Albert Einstein once gave an exam to his students, and 15 minutes into the exam, one of the students stood up and asked, “Aren’t the questions in this year’s exam the same as last year’s exam?” Einstein replied, “Don’t worry; the answers are different this year.”
This story is quite relevant to our education pattern, syllabus, and curriculum. There has been little to no change in the basic curriculum in the past 30-40 years, but the needs of the world have evolved.. These days we are experiencing an explosion of information, our handphone has more information than the largest library in the world.
Employers are no longer looking to hire people who know things. They are looking for people who know what to do with what they know. People who can think differently, inspire, motivate and lead others and solve problems without giving up.
The schools need to evolve keeping in mind that pedagogical practices are changing, and education has moved beyond the idea of learning just to ‘make students exams and college ready’. Teachers need to move from didactic teaching of content to building skills that children will need when they grow up and go into the real world.
Already today, most working professionals are finding their jobs are getting more and more difficult. We generally find our jobs hard, stressful and demanding.
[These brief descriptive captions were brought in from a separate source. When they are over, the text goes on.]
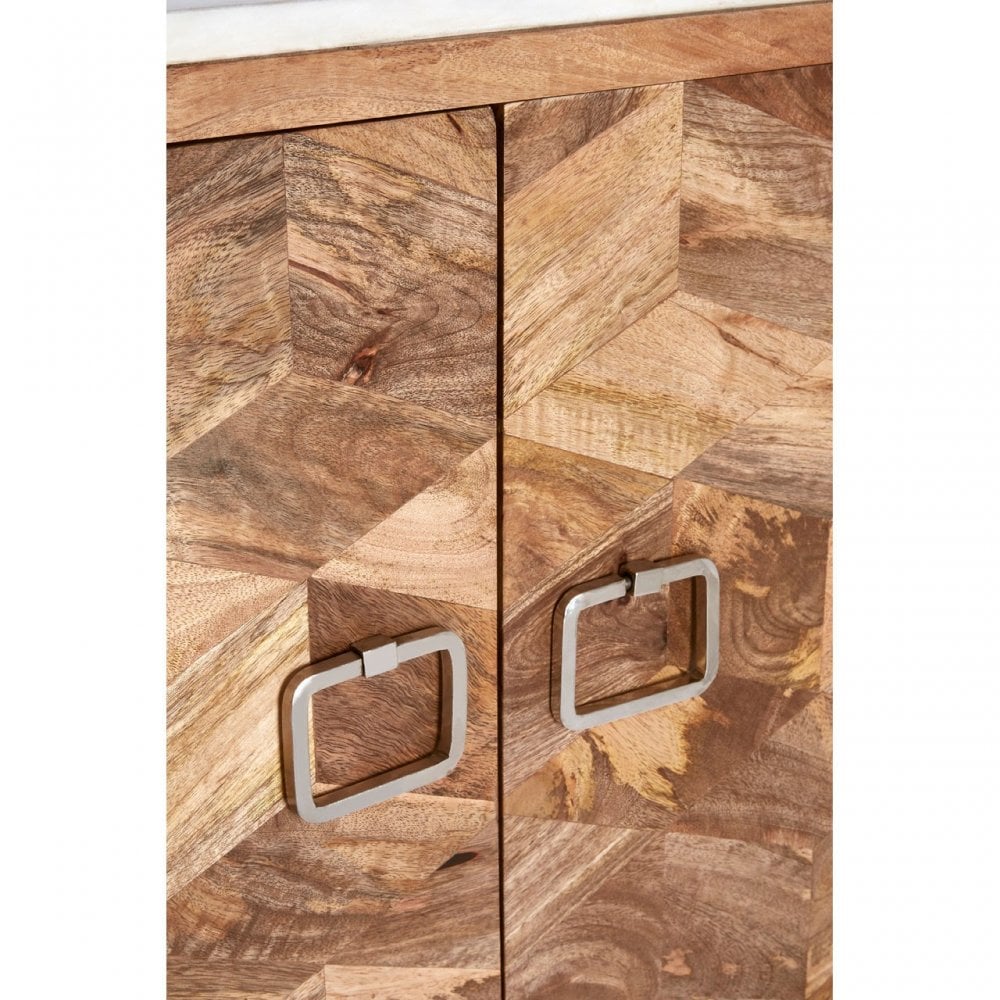 Vanor Geometric Design Cabinet, Iron, Marble, Wood, Natural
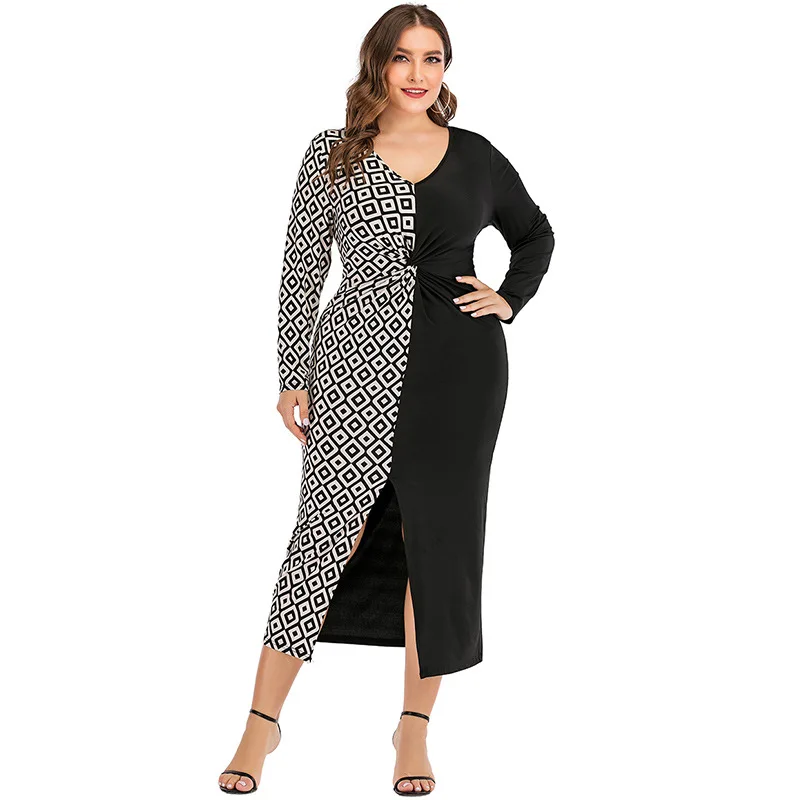 

Plus Size Dresses Spring 2021 Ladies Bodycon Dress Slit Print Geometric Pattern V Neck Long Sleeve Dress Midi Elegant Dress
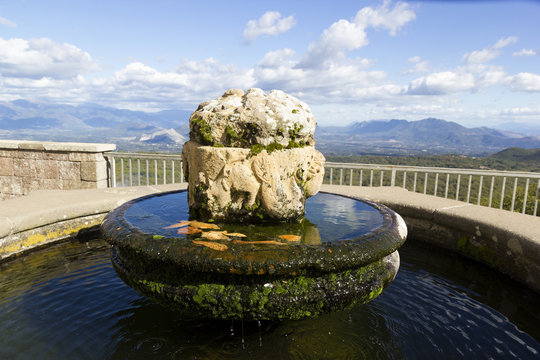 fountain in the terrace of sanctuary madonna dei lattani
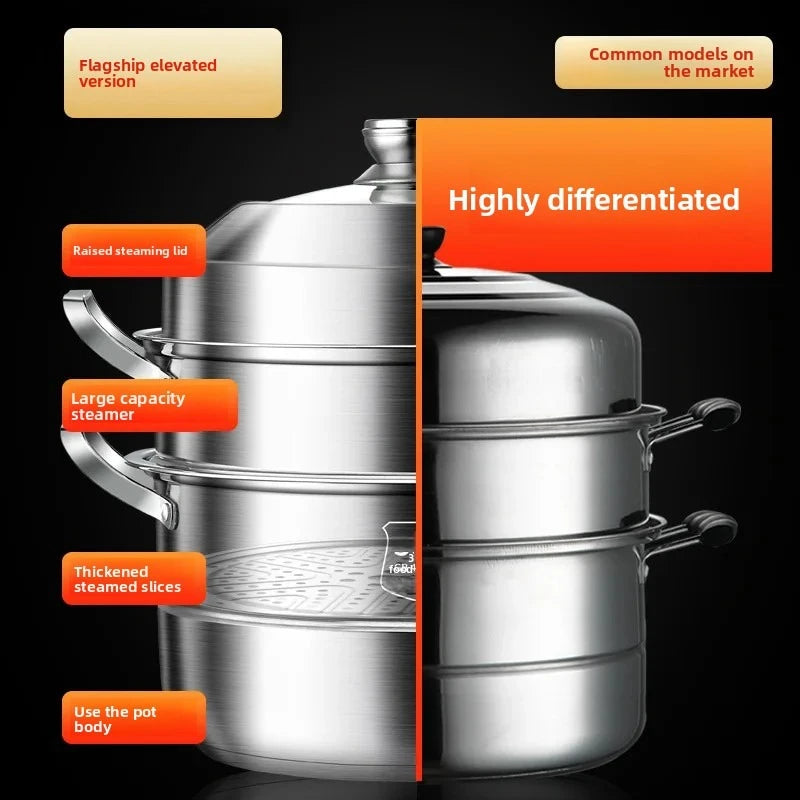 Food Steamer 30cm 304 Stainless Steel Multi Layer Cooking Pot with Lid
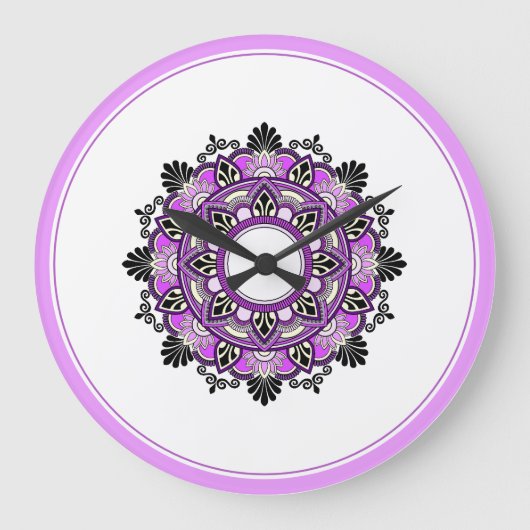 Mandala in Rosa und Lila Große Wanduhr (Vorderseite)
Same goes with most relationships at work, both with bosses as well as with peers. There is a lot of insecurity, anxiety and fear that continues through the day and is taken home. According to recent research in the United States, working professionals who work late (and hardly see their children) do far less damage than professionals who come home angry or stressed, and pass it on to their children. It is because our schools did not help us connect with things we were naturally good at, or apply our knowledge towards finding new and better ways of doing things or train us to be creative and resilient problem solvers, are the main reasons that we struggle today. How can we work well with others when all our school every taught us was to work individually? We can’t collaborate if all we ever did was to compete. Our teachers were generally uninspiring and strict, thereby having a similar impact on us. There is a strong correlation between the uninspiring and strict boss and our teacher.
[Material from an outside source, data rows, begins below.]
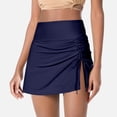 thumbnail image 2 of ERkkoi Womens High Waisted Swim Skirt with Split Sporty Drawstring Skirted Swim Bottom with Built-in Panty Dark Blue XXL, 2 of 6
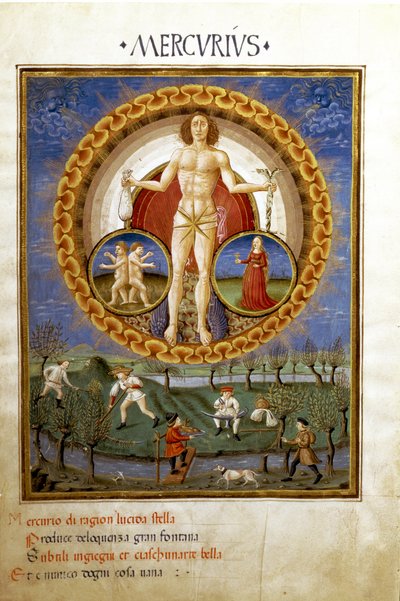 Mercury with Signs of the Zodiac of Virgo and Gemini. Peasants Working in the Fields by Cristoforo De Predis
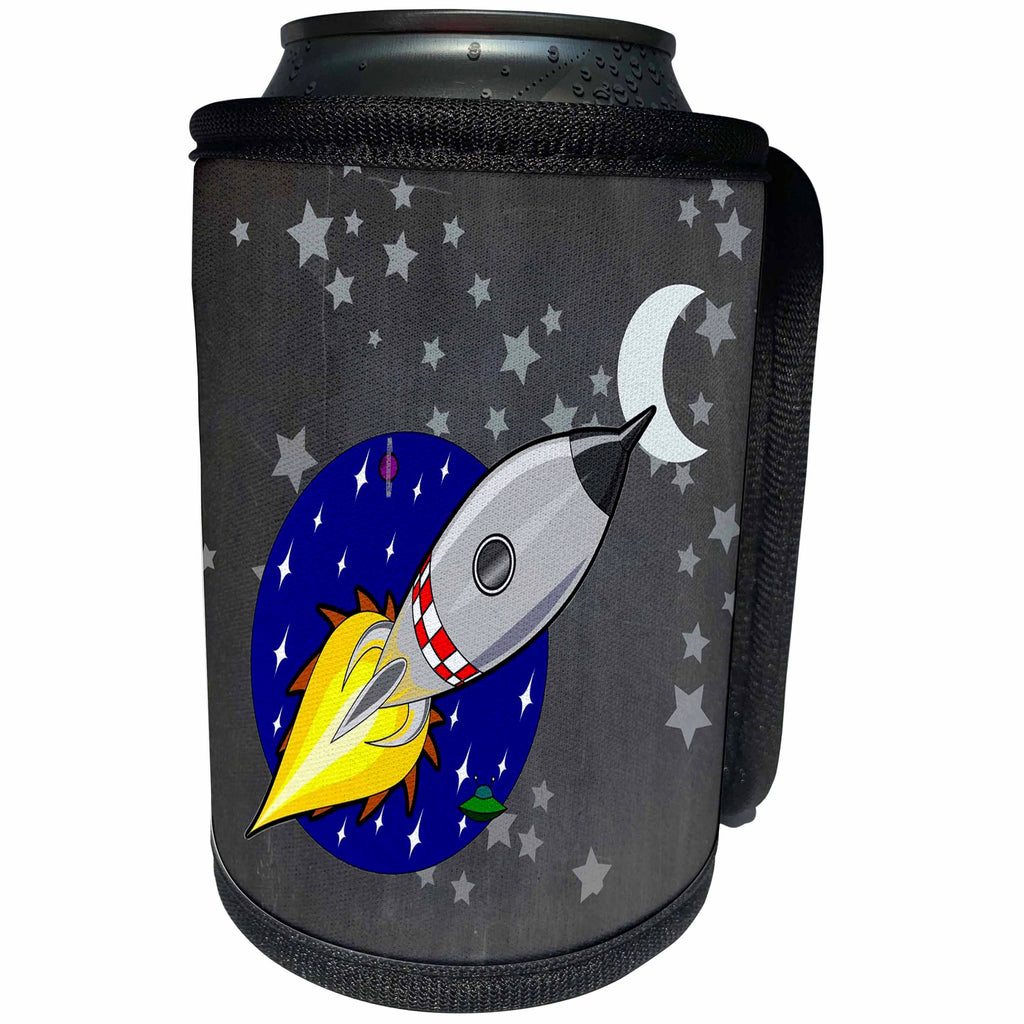 3dRose Childrens Art - Image of Spaceship With Moon and Stars - Can Cooler Bottle Wrap (cc_281570)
Jobs like Data Mining Scientists, Social media psychologists, Qualitative researchers, 3D modellers, Digital marketers, etc did not exist earlier, but now they are some of the most sought after jobs in the world. If our school system fails to catch up with the demands of the outside world, then there will be a huge gap between the skills required by the markets, and skills provided to them. There, already is a huge gap. The only way to build this gap is to introduce skill building courses in the formative stages of the kids, which only very few schools are doing.
As education moves beyond books, and turns into a truly global phenomenon, more and more schools need to break free from the old ways of doing things, and instead imbibe newer ideas and techniques.
At Vega schools, we play our part. We base our teaching and learning on a well researched, proven and real world practice known as problem based learning. Children, right from the age of three learn by applying knowledge and by solving real world problems. They work at school exactly how they would work in the real world. A world that will be vastly different to the one in which we live in today.
Parents need to play their part. They need to ensure their children experience a much higher and deeper level of learning. To give their children what they didn’t have, so that their children live far more enriching and successful lives.